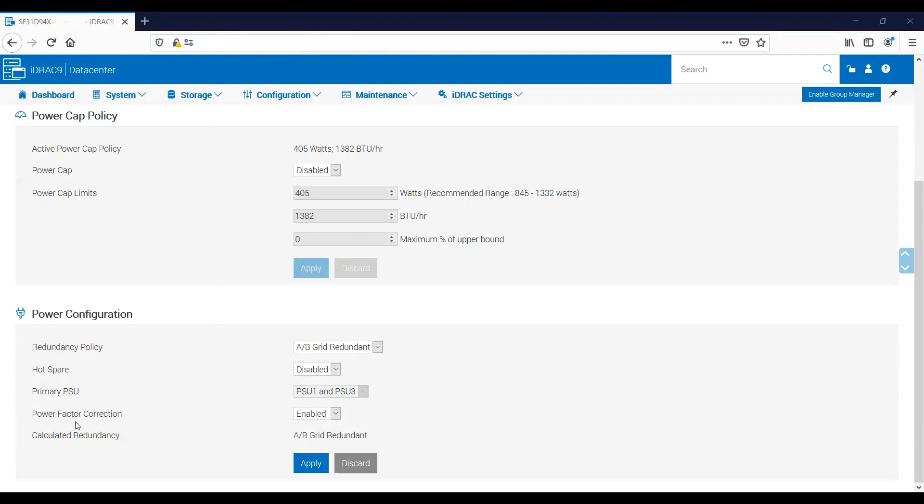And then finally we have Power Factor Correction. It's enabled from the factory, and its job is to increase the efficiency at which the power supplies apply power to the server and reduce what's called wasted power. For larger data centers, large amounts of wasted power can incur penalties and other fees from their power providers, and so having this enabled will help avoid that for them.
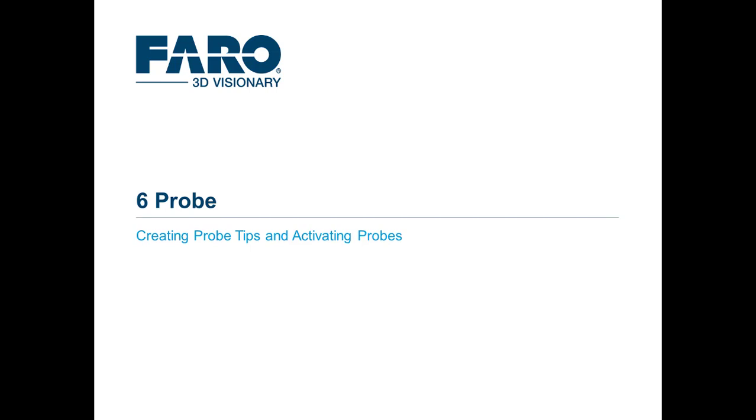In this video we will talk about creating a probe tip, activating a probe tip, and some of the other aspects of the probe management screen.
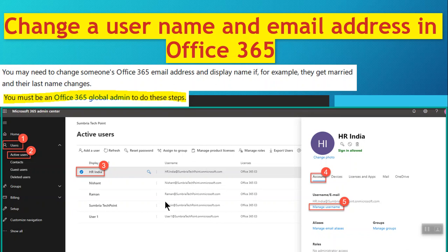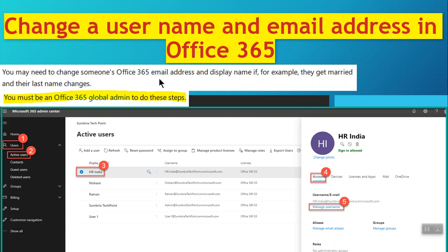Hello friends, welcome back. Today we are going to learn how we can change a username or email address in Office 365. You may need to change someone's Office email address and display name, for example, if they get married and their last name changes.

● ● ●

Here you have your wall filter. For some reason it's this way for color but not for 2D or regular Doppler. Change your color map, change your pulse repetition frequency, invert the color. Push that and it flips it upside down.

● ● ●

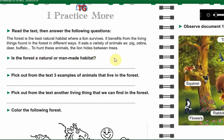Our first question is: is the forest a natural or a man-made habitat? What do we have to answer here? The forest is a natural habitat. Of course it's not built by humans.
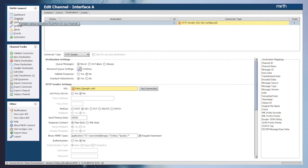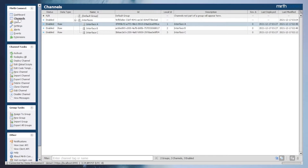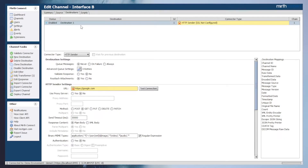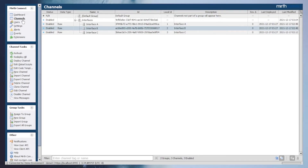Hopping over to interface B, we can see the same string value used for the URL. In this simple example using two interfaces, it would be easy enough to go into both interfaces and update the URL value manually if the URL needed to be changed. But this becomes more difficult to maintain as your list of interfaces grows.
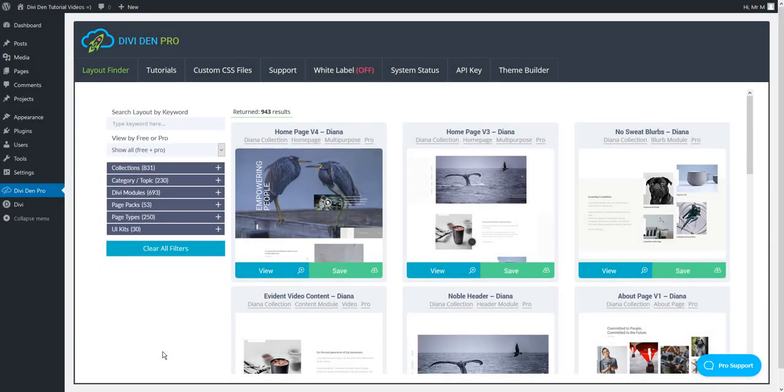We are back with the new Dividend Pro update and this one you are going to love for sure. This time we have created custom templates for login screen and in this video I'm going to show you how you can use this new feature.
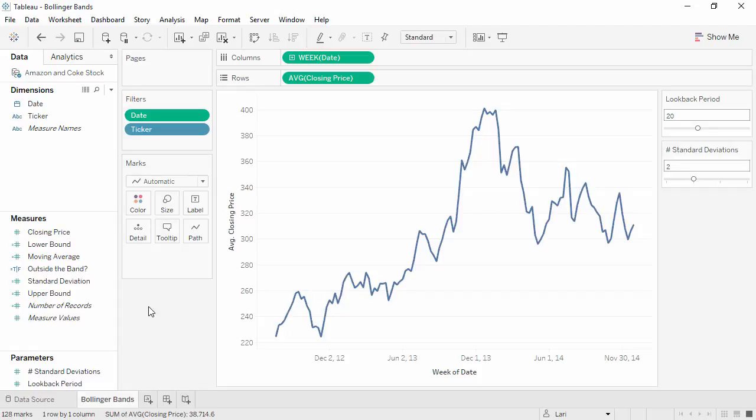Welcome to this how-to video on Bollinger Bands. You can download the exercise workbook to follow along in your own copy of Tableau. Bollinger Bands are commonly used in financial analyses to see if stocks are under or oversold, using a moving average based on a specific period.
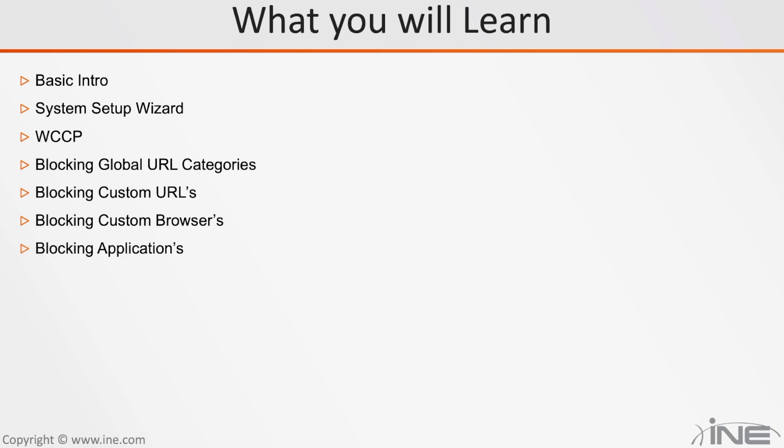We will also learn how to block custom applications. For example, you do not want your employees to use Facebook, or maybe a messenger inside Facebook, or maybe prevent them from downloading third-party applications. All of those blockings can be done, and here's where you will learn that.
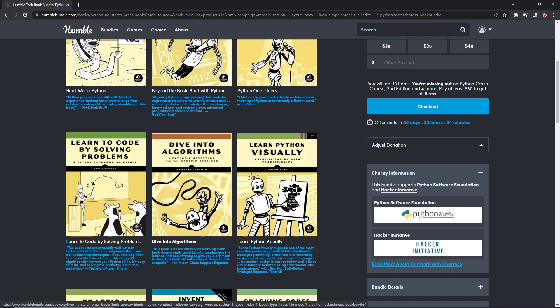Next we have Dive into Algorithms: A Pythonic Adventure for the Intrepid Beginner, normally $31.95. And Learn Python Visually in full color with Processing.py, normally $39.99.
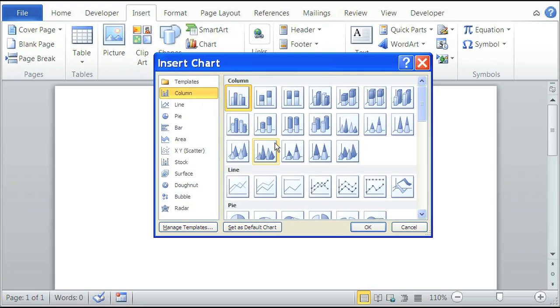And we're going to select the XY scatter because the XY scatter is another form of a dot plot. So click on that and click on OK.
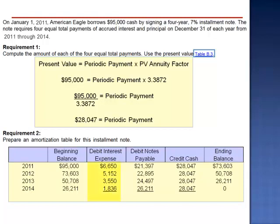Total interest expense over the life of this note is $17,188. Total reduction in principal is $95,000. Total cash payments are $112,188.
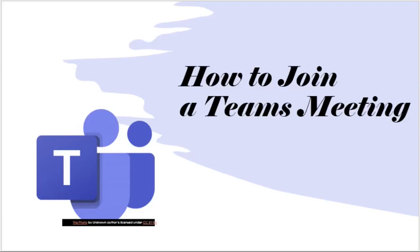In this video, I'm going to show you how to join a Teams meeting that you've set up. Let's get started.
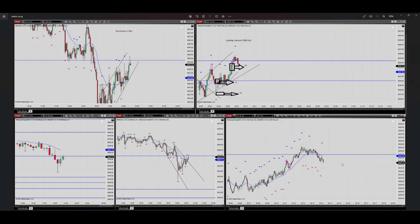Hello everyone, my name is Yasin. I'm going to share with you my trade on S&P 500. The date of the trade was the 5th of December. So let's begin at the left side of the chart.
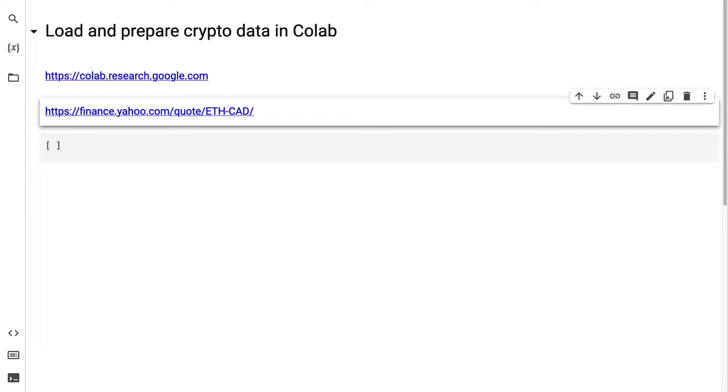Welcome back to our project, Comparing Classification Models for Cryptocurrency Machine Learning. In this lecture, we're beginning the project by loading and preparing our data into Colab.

● ● ●

When you reach the line holding "Total interest expense" in the listing above, begin retyping exactly, and stop once the line holding "Welcome back to" is done; pictures stay out.

## Reply
Total interest expense over the life of this note is $17,188. Total reduction in principal is $95,000. Total cash payments are $112,188.
In this video, I'm going to show you how to join a Teams meeting that you've set up. Let's get started.
Hello everyone, my name is Yasin. I'm going to share with you my trade on S&P 500. The date of the trade was the 5th of December. So let's begin at the left side of the chart.
Welcome back to our project, Comparing Classification Models for Cryptocurrency Machine Learning. In this lecture, we're beginning the project by loading and preparing our data into Colab.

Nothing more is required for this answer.